To grow and prosper we need to develop lasting and mutually beneficial relationships with customers, investors and business partners. To gain their trust we need to be transparent and honest in our communication. We also need to adopt the most effective and appropriate channels of communication. In the case of customer transactions, there is an extremely diverse range of touch points that has been enabled by technology today in addition to the traditional brick and mortar branches – internet, mobile, ATMs, CDMs, IVR, and self-service kiosks. Many regions of the Kingdom are underserved but when expanding our reach we have to select the most cost-effective channels.

Broadening product and market portfolio

  • Evaluating changing customer needs
  • Identifying and concentrating on more profitable product segments
  • Balancing the needs of different market segments
  • Focus on more profitable types of customers
  • Streamlining the product development process
  • Transitioning from commoditised to innovative and differentiated products
  • Promoting sales orientation
  • Focus on effective sales strategies such cross selling and joint calling
  • Brand strategy to support overall strategy
  • Developing market fact base

Today markets are evolving with dizzying rapidity – customers are becoming more and more exposed to modern trends. The population, especially the younger generation, is becoming increasingly technology savvy. Women are increasing their presence in the market.

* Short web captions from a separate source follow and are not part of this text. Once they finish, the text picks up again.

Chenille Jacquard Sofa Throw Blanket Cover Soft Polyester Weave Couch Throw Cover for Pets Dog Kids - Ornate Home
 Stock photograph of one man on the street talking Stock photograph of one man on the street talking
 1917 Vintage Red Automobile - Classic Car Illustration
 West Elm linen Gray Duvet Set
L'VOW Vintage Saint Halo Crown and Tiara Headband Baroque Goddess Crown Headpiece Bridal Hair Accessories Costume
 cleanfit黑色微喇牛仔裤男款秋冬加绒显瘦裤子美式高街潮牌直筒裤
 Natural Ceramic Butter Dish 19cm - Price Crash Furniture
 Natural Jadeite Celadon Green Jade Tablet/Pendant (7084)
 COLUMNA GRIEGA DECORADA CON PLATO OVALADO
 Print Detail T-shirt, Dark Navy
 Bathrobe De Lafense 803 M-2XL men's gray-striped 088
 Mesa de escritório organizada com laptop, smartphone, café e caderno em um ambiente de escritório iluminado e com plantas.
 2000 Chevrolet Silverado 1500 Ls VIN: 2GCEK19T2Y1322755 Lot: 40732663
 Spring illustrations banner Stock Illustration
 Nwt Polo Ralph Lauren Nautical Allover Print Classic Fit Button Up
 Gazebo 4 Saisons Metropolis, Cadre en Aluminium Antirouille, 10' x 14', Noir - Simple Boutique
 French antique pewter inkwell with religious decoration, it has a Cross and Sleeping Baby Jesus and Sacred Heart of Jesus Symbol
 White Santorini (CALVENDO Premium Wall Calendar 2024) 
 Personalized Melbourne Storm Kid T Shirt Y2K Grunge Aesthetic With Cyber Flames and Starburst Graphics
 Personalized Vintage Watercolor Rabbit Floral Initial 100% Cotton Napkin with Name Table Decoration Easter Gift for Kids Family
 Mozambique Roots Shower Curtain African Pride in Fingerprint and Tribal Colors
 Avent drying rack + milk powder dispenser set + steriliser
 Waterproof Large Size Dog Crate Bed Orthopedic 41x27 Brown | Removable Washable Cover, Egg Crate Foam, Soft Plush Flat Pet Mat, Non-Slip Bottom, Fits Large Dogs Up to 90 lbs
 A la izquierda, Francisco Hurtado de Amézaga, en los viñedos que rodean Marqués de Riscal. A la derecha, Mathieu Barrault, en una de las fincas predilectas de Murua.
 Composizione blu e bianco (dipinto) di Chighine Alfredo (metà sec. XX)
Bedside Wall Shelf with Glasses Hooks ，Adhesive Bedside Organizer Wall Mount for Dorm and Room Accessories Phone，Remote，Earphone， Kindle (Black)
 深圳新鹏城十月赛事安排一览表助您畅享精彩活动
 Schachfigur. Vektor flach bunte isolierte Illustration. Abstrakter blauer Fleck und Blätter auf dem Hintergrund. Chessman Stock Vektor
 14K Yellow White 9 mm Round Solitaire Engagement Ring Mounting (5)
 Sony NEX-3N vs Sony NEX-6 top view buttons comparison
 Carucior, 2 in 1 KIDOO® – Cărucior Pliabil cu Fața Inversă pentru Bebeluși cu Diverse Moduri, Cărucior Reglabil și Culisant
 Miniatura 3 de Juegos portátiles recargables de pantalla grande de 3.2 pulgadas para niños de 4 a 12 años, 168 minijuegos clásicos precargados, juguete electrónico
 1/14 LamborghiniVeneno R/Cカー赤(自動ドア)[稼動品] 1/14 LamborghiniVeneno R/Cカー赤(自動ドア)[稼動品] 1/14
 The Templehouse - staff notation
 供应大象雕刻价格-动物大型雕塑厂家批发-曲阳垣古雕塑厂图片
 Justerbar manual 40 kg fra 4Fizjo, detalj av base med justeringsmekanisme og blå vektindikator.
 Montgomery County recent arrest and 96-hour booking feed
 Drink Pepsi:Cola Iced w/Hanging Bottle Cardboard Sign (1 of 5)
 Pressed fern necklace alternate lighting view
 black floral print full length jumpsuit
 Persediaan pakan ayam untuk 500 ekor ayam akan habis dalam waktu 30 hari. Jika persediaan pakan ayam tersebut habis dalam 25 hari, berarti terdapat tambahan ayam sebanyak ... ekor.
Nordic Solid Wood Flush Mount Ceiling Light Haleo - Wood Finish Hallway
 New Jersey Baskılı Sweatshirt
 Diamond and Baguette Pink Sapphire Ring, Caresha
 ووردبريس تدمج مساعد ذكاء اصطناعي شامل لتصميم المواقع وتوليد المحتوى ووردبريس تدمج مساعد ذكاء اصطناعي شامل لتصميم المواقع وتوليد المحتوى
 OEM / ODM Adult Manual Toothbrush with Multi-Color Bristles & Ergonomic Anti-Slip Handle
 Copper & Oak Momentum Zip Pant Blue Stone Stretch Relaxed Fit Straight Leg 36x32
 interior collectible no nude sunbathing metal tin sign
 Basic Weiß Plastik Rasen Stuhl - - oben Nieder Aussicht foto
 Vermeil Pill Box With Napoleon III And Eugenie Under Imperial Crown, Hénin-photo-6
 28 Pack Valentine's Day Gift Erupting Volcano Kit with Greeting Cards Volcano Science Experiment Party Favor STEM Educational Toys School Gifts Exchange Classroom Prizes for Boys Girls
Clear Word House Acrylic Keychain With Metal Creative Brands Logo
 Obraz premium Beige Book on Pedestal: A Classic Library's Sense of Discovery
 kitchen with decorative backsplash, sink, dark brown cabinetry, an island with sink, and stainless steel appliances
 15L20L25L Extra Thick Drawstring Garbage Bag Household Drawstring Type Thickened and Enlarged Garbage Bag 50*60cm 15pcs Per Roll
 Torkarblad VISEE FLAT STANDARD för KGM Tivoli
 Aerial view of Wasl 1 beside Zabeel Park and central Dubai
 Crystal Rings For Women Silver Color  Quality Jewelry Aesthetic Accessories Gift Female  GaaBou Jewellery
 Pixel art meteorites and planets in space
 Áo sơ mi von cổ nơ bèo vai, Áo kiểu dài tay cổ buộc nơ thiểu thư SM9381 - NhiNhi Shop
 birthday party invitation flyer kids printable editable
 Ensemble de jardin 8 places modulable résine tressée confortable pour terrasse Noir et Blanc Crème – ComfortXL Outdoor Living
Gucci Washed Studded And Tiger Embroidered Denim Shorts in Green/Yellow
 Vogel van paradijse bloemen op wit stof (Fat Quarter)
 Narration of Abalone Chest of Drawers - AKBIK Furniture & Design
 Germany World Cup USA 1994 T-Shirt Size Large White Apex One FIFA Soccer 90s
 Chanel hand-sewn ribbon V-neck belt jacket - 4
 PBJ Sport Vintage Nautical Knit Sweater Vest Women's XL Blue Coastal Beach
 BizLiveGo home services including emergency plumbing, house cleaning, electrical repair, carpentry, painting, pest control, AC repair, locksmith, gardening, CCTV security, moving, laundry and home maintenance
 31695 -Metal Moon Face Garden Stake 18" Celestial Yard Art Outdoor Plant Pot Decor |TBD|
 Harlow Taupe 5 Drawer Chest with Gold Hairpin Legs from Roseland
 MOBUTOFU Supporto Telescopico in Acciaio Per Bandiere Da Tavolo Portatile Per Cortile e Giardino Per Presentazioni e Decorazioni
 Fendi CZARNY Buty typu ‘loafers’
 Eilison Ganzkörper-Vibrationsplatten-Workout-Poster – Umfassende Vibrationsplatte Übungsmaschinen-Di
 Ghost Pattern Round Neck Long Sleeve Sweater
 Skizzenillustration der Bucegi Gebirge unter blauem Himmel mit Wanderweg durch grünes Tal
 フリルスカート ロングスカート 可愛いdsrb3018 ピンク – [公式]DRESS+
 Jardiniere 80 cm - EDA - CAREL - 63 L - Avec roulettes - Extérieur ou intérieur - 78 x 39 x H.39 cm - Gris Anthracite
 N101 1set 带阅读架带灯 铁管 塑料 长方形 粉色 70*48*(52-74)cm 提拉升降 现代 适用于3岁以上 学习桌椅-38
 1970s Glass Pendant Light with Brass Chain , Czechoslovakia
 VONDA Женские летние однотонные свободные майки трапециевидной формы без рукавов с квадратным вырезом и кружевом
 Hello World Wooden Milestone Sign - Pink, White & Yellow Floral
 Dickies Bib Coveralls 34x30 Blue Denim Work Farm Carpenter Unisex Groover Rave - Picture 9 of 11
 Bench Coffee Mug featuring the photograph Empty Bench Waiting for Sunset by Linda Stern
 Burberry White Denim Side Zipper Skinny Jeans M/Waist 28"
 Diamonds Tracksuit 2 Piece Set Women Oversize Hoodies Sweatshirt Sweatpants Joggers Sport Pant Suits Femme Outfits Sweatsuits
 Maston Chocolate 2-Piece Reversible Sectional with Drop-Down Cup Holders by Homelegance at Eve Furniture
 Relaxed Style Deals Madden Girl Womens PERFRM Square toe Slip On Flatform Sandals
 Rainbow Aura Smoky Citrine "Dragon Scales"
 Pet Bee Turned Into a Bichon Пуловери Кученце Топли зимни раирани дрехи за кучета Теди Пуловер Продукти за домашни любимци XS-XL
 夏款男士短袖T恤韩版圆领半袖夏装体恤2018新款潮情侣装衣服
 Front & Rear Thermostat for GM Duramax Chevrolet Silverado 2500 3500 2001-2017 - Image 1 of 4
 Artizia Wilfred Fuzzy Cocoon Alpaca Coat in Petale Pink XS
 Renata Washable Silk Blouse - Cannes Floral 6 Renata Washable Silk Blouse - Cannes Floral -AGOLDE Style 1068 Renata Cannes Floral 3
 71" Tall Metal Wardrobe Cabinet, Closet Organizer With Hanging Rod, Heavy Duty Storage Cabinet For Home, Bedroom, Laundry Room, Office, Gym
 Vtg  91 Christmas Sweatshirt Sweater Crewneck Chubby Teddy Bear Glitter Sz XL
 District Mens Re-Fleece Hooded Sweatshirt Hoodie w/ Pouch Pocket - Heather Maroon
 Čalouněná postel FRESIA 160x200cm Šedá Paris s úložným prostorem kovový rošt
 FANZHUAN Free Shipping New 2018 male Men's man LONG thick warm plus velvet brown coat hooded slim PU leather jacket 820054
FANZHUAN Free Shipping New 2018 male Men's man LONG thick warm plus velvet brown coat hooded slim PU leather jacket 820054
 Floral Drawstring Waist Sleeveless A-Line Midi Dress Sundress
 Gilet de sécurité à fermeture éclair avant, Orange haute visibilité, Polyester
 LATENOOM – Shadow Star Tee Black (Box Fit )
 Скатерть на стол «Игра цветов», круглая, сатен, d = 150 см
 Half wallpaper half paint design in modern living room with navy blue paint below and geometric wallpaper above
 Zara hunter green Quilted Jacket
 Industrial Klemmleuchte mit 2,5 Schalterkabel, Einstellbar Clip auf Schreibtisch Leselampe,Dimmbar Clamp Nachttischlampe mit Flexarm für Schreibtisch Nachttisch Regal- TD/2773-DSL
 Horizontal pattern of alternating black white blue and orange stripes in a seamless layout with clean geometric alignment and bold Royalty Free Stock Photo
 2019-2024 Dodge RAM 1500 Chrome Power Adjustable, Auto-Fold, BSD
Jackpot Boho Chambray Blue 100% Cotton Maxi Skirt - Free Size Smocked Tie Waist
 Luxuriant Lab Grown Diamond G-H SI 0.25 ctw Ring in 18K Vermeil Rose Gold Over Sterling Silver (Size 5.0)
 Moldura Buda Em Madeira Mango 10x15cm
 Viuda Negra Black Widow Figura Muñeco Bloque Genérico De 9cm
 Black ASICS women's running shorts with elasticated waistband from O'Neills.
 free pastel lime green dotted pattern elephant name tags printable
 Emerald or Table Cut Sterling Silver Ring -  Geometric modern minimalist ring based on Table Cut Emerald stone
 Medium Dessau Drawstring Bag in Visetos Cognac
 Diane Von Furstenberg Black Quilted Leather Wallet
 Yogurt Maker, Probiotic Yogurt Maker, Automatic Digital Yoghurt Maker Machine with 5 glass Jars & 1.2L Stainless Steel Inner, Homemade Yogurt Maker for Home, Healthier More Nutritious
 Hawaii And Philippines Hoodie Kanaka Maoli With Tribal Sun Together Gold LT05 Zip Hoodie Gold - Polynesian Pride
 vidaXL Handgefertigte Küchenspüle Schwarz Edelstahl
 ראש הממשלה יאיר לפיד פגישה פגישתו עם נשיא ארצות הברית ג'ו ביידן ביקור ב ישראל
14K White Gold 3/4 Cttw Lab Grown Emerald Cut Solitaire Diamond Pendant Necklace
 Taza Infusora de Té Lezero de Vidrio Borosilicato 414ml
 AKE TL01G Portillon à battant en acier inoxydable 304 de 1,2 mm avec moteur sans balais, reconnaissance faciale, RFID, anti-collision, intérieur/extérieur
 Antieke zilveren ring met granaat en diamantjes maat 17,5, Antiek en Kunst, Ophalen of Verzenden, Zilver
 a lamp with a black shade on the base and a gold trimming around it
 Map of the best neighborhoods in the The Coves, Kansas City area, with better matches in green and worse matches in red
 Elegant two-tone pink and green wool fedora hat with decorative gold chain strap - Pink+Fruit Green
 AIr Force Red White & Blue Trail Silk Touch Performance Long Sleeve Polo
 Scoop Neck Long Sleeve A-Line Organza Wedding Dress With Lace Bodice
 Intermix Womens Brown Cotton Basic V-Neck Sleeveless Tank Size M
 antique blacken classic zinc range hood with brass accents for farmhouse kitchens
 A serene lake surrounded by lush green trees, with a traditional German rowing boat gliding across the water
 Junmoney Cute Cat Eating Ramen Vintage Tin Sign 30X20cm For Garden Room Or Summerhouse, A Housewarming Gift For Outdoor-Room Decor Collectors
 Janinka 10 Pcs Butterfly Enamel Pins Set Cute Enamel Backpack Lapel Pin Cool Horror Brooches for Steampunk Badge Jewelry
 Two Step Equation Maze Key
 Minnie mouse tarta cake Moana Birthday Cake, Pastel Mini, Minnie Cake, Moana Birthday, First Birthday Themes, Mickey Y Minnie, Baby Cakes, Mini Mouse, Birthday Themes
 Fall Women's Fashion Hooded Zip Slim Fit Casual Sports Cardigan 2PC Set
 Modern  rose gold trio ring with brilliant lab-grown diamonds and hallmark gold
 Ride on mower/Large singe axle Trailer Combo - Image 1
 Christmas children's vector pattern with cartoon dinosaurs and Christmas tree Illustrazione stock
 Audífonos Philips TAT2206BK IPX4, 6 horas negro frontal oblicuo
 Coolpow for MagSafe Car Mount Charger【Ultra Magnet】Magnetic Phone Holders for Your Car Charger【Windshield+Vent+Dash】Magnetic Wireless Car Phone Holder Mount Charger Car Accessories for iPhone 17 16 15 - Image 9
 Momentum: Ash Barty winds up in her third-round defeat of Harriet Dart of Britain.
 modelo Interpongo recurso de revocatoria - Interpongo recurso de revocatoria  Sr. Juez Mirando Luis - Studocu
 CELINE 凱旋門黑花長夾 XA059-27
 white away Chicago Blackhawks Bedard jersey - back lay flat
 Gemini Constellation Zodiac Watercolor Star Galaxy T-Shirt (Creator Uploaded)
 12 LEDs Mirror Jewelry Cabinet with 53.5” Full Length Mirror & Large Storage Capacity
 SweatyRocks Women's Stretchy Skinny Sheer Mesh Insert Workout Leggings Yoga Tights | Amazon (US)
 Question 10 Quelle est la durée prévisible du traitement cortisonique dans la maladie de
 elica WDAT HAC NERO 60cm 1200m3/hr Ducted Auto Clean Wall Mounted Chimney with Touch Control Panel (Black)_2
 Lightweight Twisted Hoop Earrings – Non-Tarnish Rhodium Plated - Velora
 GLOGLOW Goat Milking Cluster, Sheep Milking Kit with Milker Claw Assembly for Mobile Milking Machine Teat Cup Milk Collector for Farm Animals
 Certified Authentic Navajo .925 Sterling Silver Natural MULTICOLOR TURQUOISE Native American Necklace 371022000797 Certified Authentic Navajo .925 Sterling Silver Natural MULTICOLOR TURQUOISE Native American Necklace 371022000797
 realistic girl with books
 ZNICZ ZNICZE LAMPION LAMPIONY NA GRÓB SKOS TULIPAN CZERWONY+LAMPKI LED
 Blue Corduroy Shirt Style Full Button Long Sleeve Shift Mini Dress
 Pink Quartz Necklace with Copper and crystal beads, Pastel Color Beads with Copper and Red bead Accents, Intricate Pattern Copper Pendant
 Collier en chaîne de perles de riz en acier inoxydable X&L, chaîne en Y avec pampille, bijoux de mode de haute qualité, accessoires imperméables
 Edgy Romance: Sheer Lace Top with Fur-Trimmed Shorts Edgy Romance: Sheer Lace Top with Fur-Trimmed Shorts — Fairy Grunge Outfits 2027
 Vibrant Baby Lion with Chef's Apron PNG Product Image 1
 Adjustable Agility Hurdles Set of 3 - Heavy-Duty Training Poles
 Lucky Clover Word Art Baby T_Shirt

The new products and services that are being introduced are increasingly digital in character; this applies to both the personal banking and the corporate banking segment. There are also very lucrative opportunities in market niches such as affluent banking.

Building people skills

  • Aligning the HR strategy with the corporate strategy
  • Motivation and retention
  • Health and safety of employees
  • Training and skills development in key aspects
  • Engagement with staff
  • Employee satisfaction through rewards and recognition

Development of our staff is a continuous ongoing process. Employees have to be trained to keep up with the changing technology and cater to the evolving customer needs. Similarly, in the process of recruitment we have to hone our processes to select the best available people and place them in the most appropriate positions.

We are committed to increasing Saudization and increasing the percentage of women employees. We do our utmost to help our female staff balance their career growth and their family responsibilities. In our relationships with our staff we are very conscious of human rights considerations as well as health and safety issues.

Serving the society and the environment

  • Identifying issues to address in terms of likely impact
  • Addressing impact through the value chain
  • Incorporating ESG considerations in strategies and operations

We do not concentrate completely on the bottom line, but as a responsible corporate seek to fulfil our social responsibilities. We minimise the environmental footprint in our own activities. We have also implemented an Environmental Management System (EMS), which caters to the ISO 14001 standard.

We also carry out a large number of social programmes with educational, health and charity objectives.

In addition all the strategies may address contributing to the goals of Vision 2030.